Hepatitis B ist weltweit verbreitet. Schätzungen zufolge sind zwischen 300 und 420 Millionen Menschen chronisch mit dem Hepatitis-B-Virus infiziert, also fünf bis sieben Prozent der Weltbevölkerung. Besonders oft treten Hepatitis-B-Infektionen in Zentralafrika, Südostasien, Süd- und Osteuropa und im Pazifik auf.

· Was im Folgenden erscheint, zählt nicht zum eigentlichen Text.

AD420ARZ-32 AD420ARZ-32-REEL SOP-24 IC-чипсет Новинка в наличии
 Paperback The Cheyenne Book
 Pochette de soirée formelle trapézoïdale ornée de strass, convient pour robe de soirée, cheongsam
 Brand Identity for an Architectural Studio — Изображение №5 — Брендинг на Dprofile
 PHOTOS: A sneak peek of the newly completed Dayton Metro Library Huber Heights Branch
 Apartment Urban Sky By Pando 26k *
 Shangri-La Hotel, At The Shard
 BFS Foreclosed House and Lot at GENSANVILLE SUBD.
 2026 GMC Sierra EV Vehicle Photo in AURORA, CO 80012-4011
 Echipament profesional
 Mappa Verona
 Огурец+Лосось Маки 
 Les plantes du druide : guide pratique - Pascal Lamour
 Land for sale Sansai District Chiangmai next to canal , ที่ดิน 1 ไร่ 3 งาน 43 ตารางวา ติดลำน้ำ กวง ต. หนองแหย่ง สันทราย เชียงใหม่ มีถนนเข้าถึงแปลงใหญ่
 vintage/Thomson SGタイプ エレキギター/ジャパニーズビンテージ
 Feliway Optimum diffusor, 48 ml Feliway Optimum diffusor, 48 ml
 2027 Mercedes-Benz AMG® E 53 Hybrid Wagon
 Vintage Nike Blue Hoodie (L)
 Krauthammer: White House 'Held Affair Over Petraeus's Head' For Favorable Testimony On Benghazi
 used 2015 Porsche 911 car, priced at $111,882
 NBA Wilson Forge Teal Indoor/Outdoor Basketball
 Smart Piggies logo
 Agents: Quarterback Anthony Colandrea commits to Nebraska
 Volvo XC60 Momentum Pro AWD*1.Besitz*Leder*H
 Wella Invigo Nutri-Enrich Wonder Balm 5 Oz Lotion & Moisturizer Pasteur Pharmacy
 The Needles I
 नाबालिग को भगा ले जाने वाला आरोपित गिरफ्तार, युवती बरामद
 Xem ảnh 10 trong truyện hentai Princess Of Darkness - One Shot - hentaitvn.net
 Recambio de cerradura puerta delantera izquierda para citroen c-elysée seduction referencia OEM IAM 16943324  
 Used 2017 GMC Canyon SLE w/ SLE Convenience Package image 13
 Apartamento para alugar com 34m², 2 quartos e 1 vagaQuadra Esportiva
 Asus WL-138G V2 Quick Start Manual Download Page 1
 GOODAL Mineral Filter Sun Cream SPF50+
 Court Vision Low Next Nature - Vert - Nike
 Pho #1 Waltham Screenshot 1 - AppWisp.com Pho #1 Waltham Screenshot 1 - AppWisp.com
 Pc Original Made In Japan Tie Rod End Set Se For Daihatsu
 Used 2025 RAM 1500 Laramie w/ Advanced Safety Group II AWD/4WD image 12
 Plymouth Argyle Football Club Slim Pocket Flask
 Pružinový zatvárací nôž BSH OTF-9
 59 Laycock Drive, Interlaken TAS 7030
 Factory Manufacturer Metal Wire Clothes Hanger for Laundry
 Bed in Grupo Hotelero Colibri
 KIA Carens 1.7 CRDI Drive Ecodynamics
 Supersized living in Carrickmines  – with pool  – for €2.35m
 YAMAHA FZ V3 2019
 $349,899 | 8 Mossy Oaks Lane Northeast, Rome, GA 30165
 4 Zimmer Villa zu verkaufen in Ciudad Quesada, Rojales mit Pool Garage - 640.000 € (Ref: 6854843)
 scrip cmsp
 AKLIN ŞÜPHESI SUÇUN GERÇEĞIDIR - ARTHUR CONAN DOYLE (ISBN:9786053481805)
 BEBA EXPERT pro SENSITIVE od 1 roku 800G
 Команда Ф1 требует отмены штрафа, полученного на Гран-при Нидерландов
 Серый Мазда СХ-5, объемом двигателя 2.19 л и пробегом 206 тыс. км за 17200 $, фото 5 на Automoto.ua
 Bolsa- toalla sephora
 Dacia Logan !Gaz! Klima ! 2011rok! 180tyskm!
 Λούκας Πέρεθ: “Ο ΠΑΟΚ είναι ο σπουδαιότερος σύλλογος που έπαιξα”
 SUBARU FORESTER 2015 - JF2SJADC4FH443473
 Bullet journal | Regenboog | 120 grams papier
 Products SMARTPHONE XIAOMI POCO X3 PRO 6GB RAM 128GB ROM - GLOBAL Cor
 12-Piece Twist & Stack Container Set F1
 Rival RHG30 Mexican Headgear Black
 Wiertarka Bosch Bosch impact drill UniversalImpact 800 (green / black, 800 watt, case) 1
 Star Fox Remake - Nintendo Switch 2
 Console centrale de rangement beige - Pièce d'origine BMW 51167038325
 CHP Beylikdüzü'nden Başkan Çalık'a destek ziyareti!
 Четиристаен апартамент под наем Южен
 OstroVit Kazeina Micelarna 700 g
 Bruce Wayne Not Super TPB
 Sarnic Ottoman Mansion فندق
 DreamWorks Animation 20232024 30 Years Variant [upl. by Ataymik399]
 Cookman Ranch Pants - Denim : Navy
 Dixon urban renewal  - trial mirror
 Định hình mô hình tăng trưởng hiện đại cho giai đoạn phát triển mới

In Europa gibt es ein klares Krankheitsgefälle: Während in den skandinavischen Ländern weniger als 0,1 Prozent der Bevölkerung chronisch, also dauerhaft, mit dem Hepatitis-B-Virus infiziert sind, sind es in Ost- und Südeuropa fast acht Prozent. In Deutschland sind ca. 400.000 bis 500.000 Menschen chronisch mit dem Hepatitis-B-Virus infiziert.

Was bringt eine Impfung, was kostet sie?

Für Reisende, die in Gebieten mit erhöhtem Hepatitisrisiko unterwegs sind, empfiehlt sich neben der Einhaltung strikter Hygieneregeln eine Impfung gegen Hepatitis A und B. Hepatitis B ist seit 2007 eine Standard-Schutzimpfung. Sie wird von den Krankenkassen übernommen und wird jedem Neugeborenen und Jugendlichen angeboten. Der Impfschutz hält zehn Jahre, danach wird zu einer Auffrischimpfung geraten. Eine Hepatitis-A-Impfung ist in Deutschland nur für besondere Personenkreise eine Regelleistung der Krankenkassen. Ansonsten kostet diese dreimalige Impfung ca. 150 Euro, in Kombination A und B liegen die Kosten bei 180 Euro. Sie bietet sicheren Schutz und sollte nach zehn Jahren aufgefrischt werden.